Question: (III) A \({\bf{7}}{\bf{.7}}\;{\bf{\mu F}}\) capacitor is charged by a 165-V battery (Fig. 17–43a) and then is disconnected from the battery. When this capacitor \(\left( {{{\bf{C}}_{\bf{1}}}} \right)\) is then connected (Fig. 17–43b) to a second (initially uncharged) capacitor, the final voltage on each capacitor is 15 V. What is the value of \({{\bf{C}}_{\bf{2}}}\)? (Hint: Charge is conserved.)

Short answer

The value of capacitor \({C_2}\) is \(77\;\mu {\rm{F}}\).

Step-by-step solution

Understanding the charge on a capacitor.

A capacitor is a charge storage device. When a capacitor is connected to a battery, the charge stored on each plate is equal in magnitude but opposite in sign.

Given data

The capacitance of the first capacitor is,\({C_1} = 7.7\;\mu {\rm{F}}\)

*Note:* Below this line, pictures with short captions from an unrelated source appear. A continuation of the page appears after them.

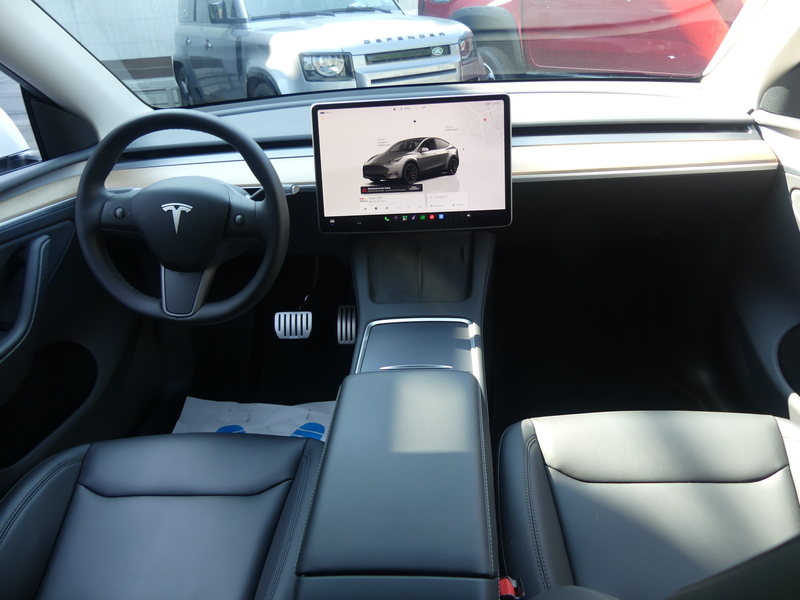 Tesla Model Y Performance Dual AWD LED/21ZOLL/AUTOPILOT — photo 4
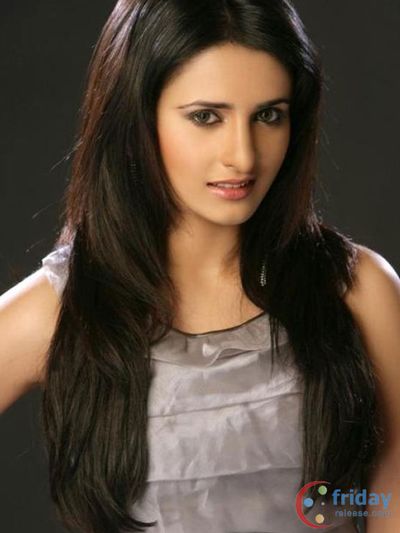 Arya Menon Photo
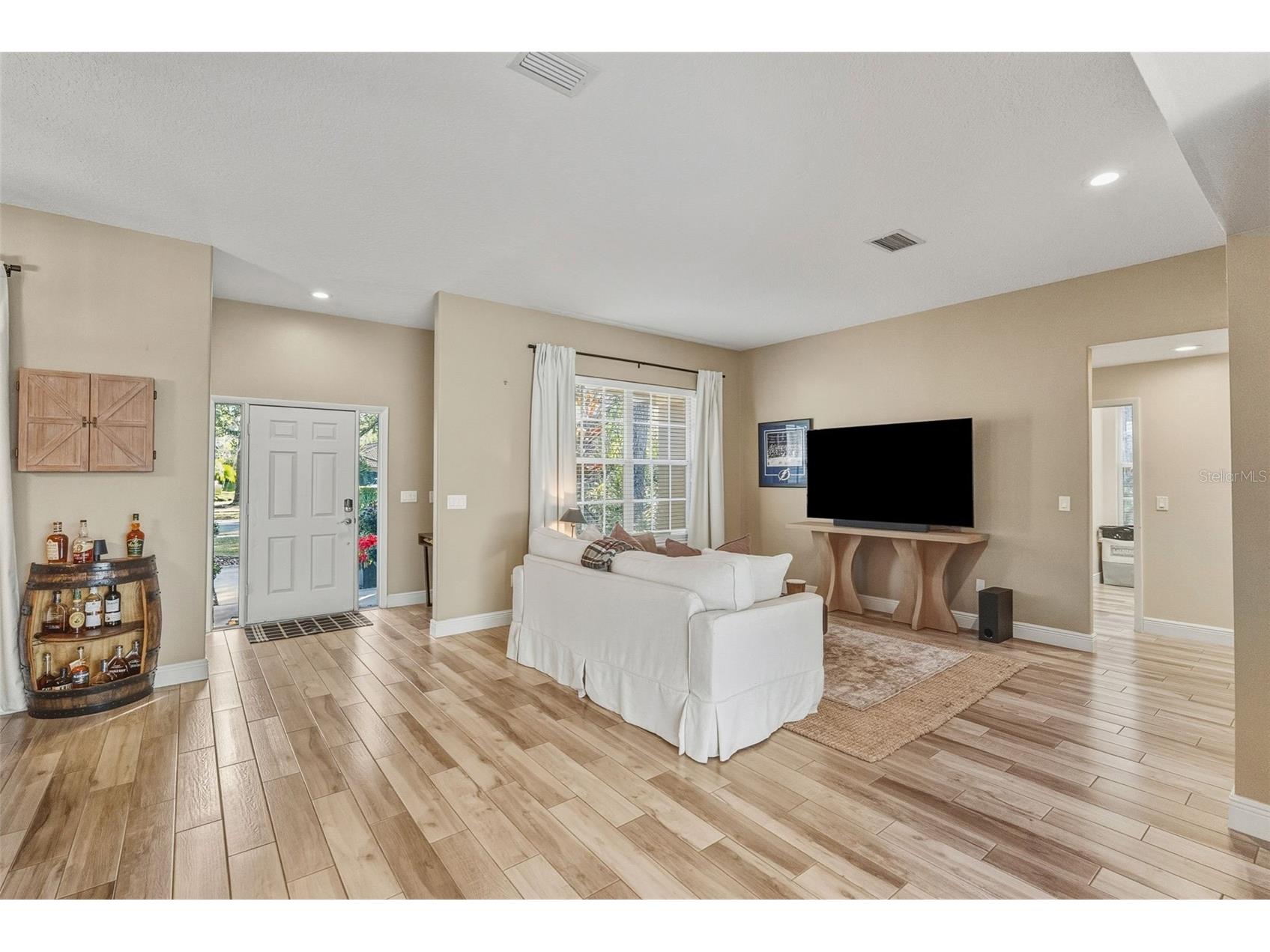 1362 E Lake Woodlands Parkway Oldsmar FL 34677 TB8467569 image3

The potential across the first capacitor is,\({V_1} = 165\;{\rm{V}}\)

The final voltage on each capacitor is, \(V = 15\;{\rm{V}}\)

Determination of the capacitance of the second capacitor

The initial charge on the first capacitor is \({Q_1} = {C_1}{V_1}\).

The initial charge on the second capacitor is, \({Q_2} = 0\).

After joining, the total charge on the capacitors is,

\(\begin{aligned}{c}Q &= {Q_1} + {Q_2}\\ &= {C_1}{V_1} + 0\\ &= {C_1}{V_1}\end{aligned}\)

After joining, the capacitance in the parallel combination is,

\(C = {C_1} + {C_2}\)

The final potential difference across each capacitor is given as:

\(\begin{aligned}{c}V &= \frac{Q}{C}\\V &= \frac{{{C_1}{V_1}}}{{{C_1} + {C_2}}}\\{C_1} + {C_2} &= \frac{{{C_1}{V_1}}}{V}\\{C_2} &= \frac{{{C_1}{V_1}}}{V} - {C_1}\end{aligned}\)

Substitute the values in the above expression.

\(\begin{aligned}{c}{C_2} &= \frac{{\left( {7.7\;\mu {\rm{F}}} \right)\left( {165\;{\rm{V}}} \right)}}{{15\;{\rm{V}}}} - \left( {7.7\;\mu {\rm{F}}} \right)\\ &= 77\;\mu {\rm{F}}\end{aligned}\)

Hence, the value of capacitor \({C_2}\) is \(77\;\mu {\rm{F}}\).